#### Work instruction
From the first line to the last, retype the records exactly without their images.

-- Opening Marker --

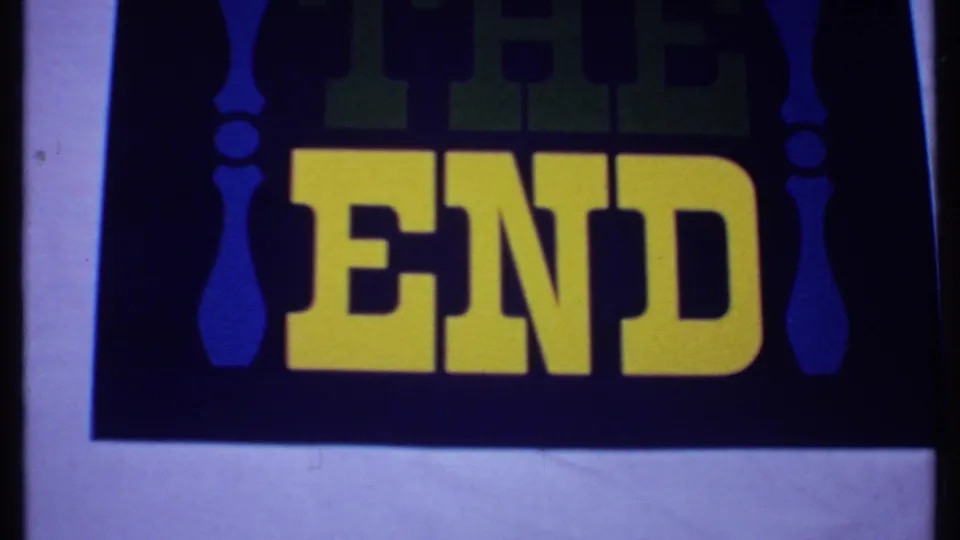 1969 8mm Bahamas reel frame showing a vintage THE END card with yellow letters, green upper text, blue ornaments, and visible film edge.
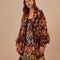 model wearing colorful abstract heart knit cardigan sweater with slight blouson sleeves and blazer collar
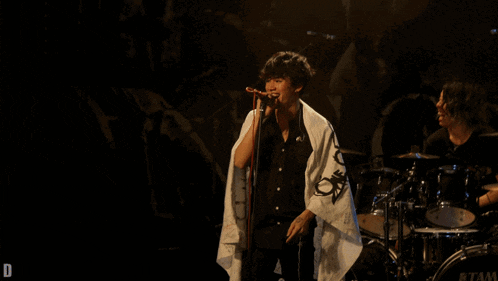 a man singing into a microphone in front of a drum set that says tama on it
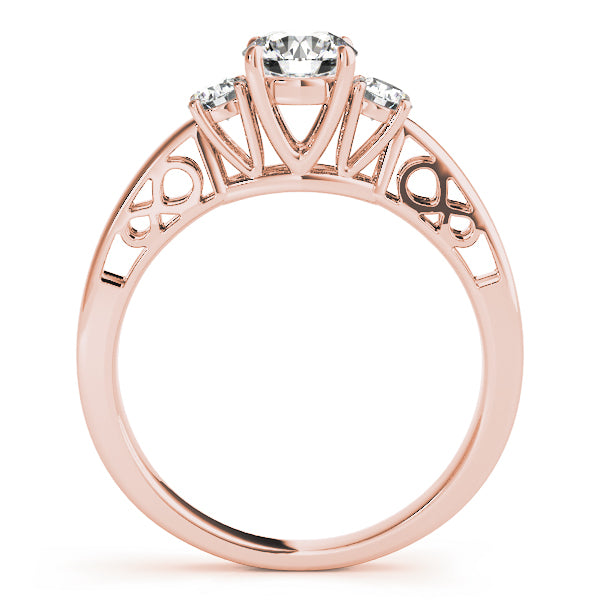 Round Three-Stone Diamond Engagement Ring · 0.70 ct tw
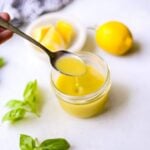 easy lemon vinaigrette dressing in a glass mason jar with a spoon and fresh herbs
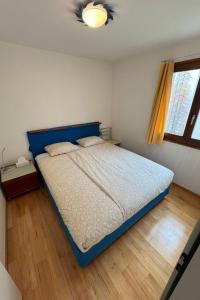 a bedroom with a bed with a blue headboard at Apartment Walserwohnung by Interhome in Bosco Gurin +7 photos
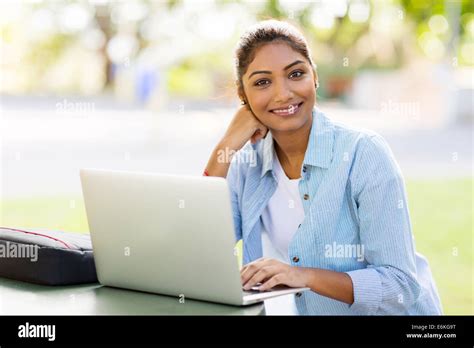 pretty Indian university student using laptop computer outdoors Stock ...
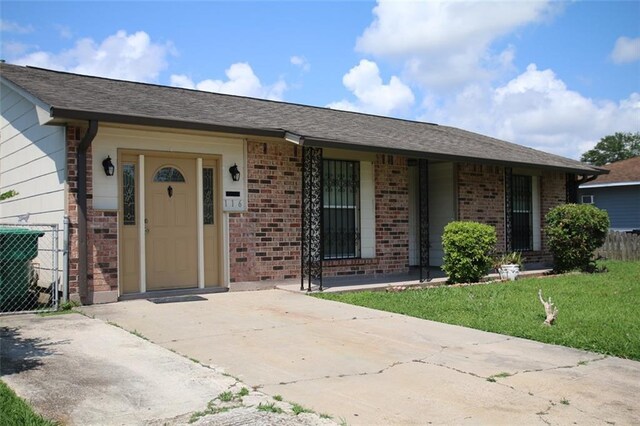 116 Southern Ct, Avondale, LA 70094 - property entrance featuring brick siding, a lawn, and central AC unit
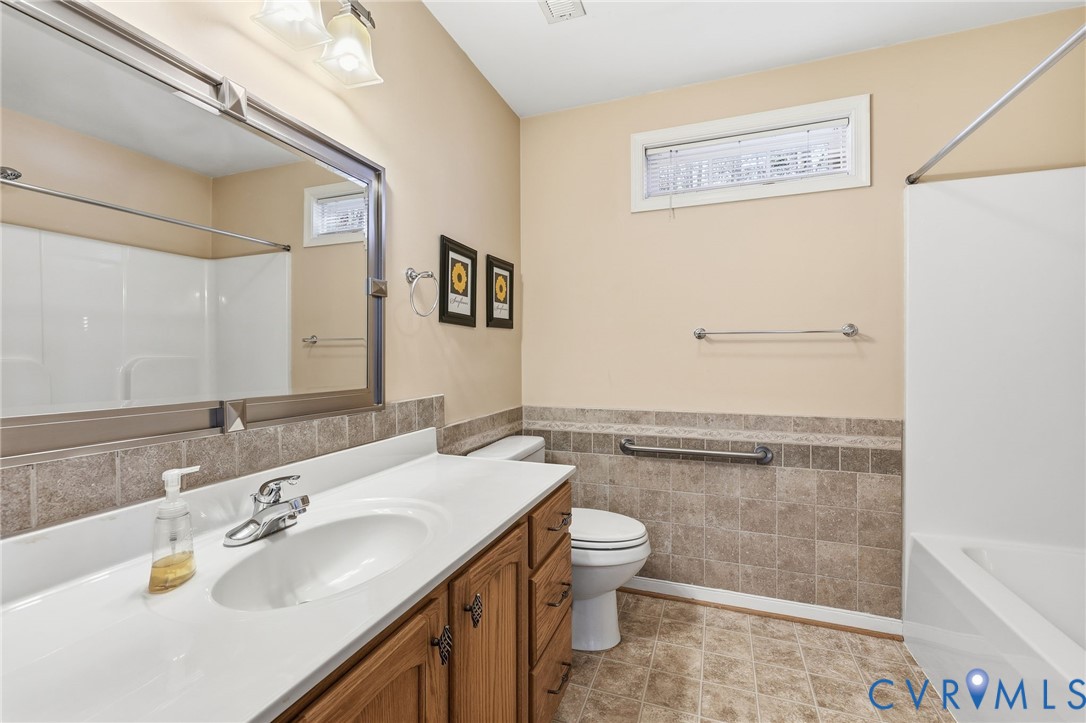 102 Creek Point Court Colonial Heights, VA 23834 - Photo 34 of 45 a bathroom with a sink toilet and shower
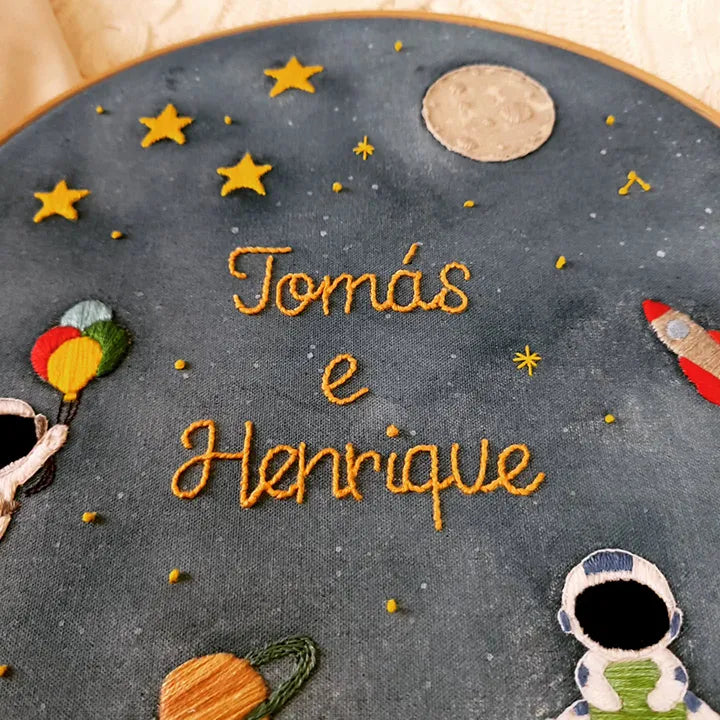 Embroidery hoop with space-themed decorations and embroidered twins names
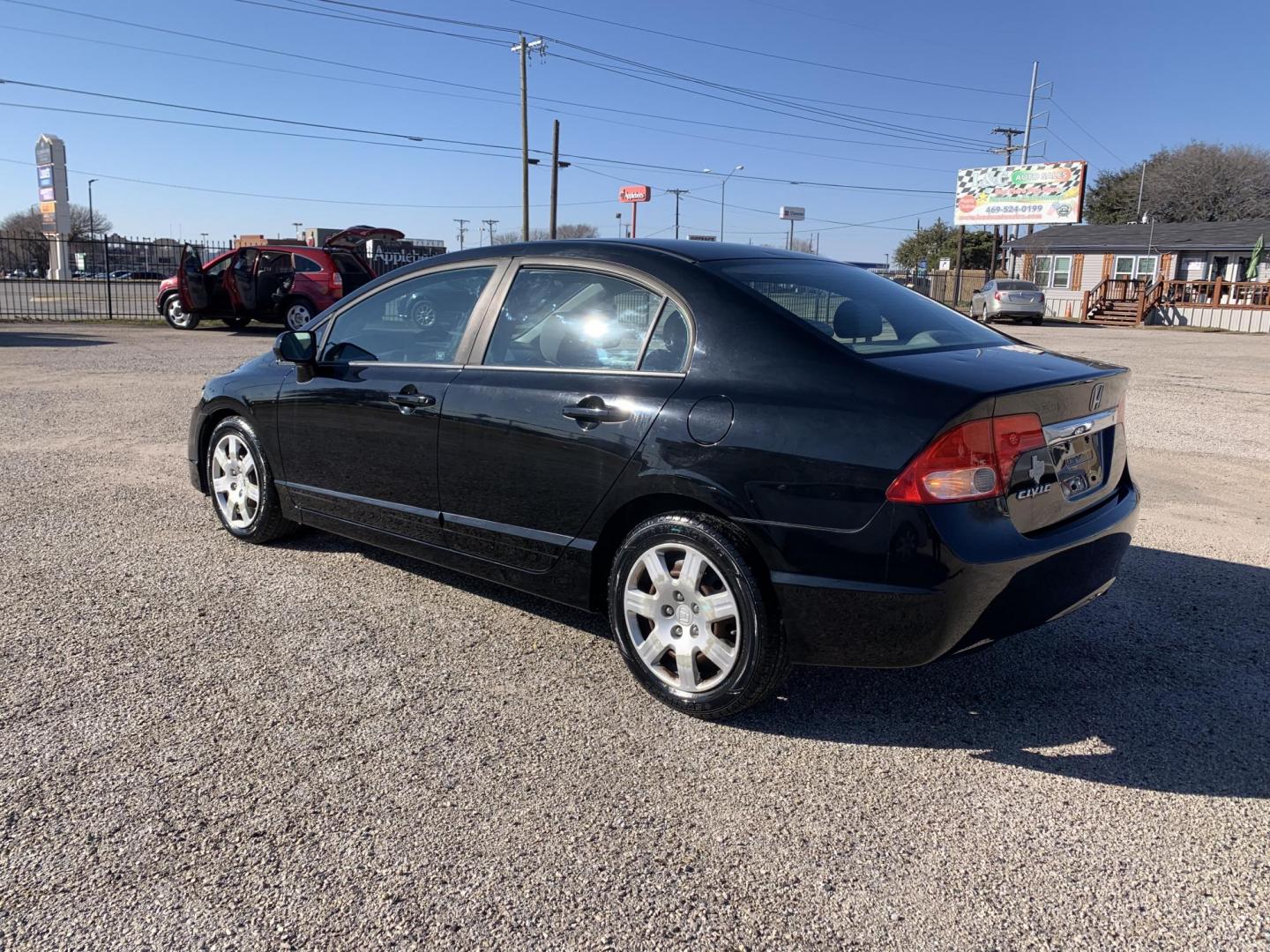 2010 Black /gray Honda Civic LX Sedan (19XFA1F56AE) with an 1.8L L4 SOHC 16V engine, Automatic transmission, located at 1830 North Belt Line Road, Irving, TX, 75061, (469) 524-0199, 32.834373, -96.993584 - Photo#0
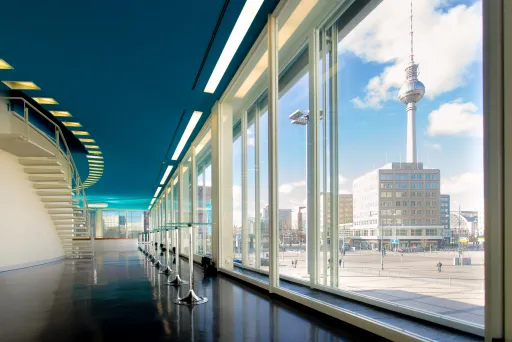 Blick durch große Fenster auf den Berliner Fernsehturm bei sonnigem Wetter.
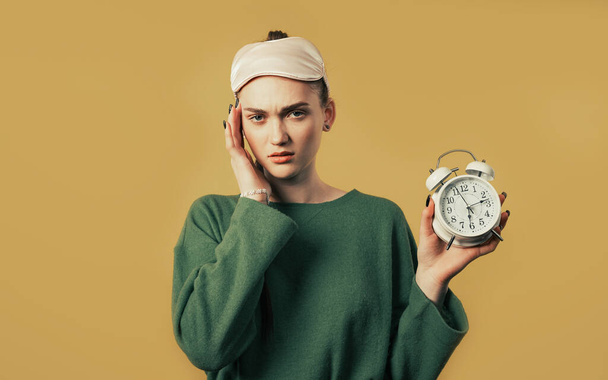 Woken up by alarm clock sleepy woman holding it in hand. Yellow background. Early 6 o'clock in morning. Lazy lady didn't get enough sleep, concept of passing time. High quality photo  - Photo, image
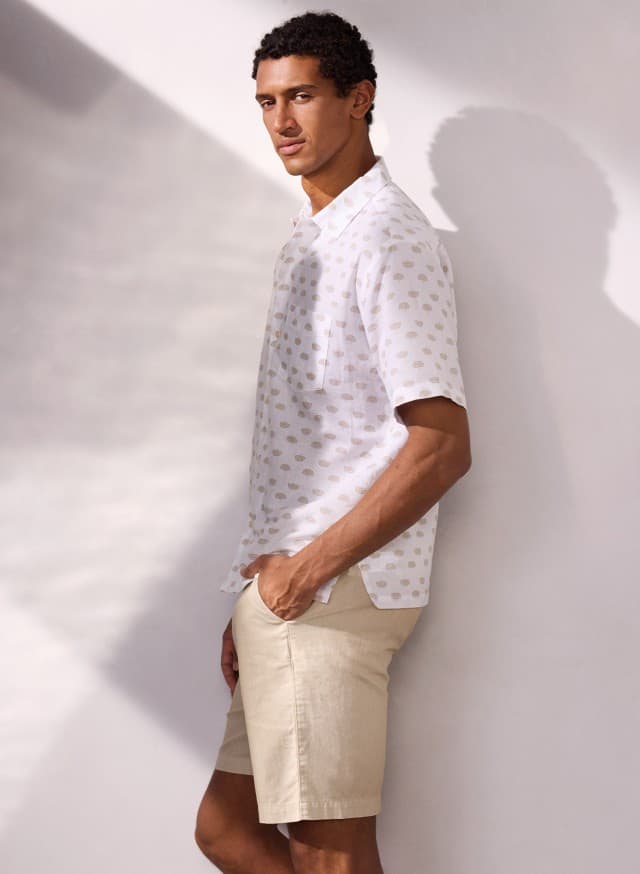 Ein Mann trägt ein weiß-bedrucktes Leinen-Mix Revers-Kragen-Hemd und hält die Hände in den Taschen einer Leinenmix Bermudas. Ein Mann trägt ein weiß-bedrucktes Leinen-Mix Revers-Kragen-Hemd und hält die Hände in den Taschen einer Leinenmix Bermudas.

-- Closing Marker --

#### Solution
 1969 8mm Bahamas reel frame showing a vintage THE END card with yellow letters, green upper text, blue ornaments, and visible film edge.
 model wearing colorful abstract heart knit cardigan sweater with slight blouson sleeves and blazer collar
 a man singing into a microphone in front of a drum set that says tama on it
 Round Three-Stone Diamond Engagement Ring · 0.70 ct tw
 easy lemon vinaigrette dressing in a glass mason jar with a spoon and fresh herbs
 a bedroom with a bed with a blue headboard at Apartment Walserwohnung by Interhome in Bosco Gurin +7 photos
 pretty Indian university student using laptop computer outdoors Stock ...
 116 Southern Ct, Avondale, LA 70094 - property entrance featuring brick siding, a lawn, and central AC unit
 102 Creek Point Court Colonial Heights, VA 23834 - Photo 34 of 45 a bathroom with a sink toilet and shower
 Embroidery hoop with space-themed decorations and embroidered twins names
 2010 Black /gray Honda Civic LX Sedan (19XFA1F56AE) with an 1.8L L4 SOHC 16V engine, Automatic transmission, located at 1830 North Belt Line Road, Irving, TX, 75061, (469) 524-0199, 32.834373, -96.993584 - Photo#0
 Blick durch große Fenster auf den Berliner Fernsehturm bei sonnigem Wetter.
 Woken up by alarm clock sleepy woman holding it in hand. Yellow background. Early 6 o'clock in morning. Lazy lady didn't get enough sleep, concept of passing time. High quality photo  - Photo, image
 Ein Mann trägt ein weiß-bedrucktes Leinen-Mix Revers-Kragen-Hemd und hält die Hände in den Taschen einer Leinenmix Bermudas. Ein Mann trägt ein weiß-bedrucktes Leinen-Mix Revers-Kragen-Hemd und hält die Hände in den Taschen einer Leinenmix Bermudas.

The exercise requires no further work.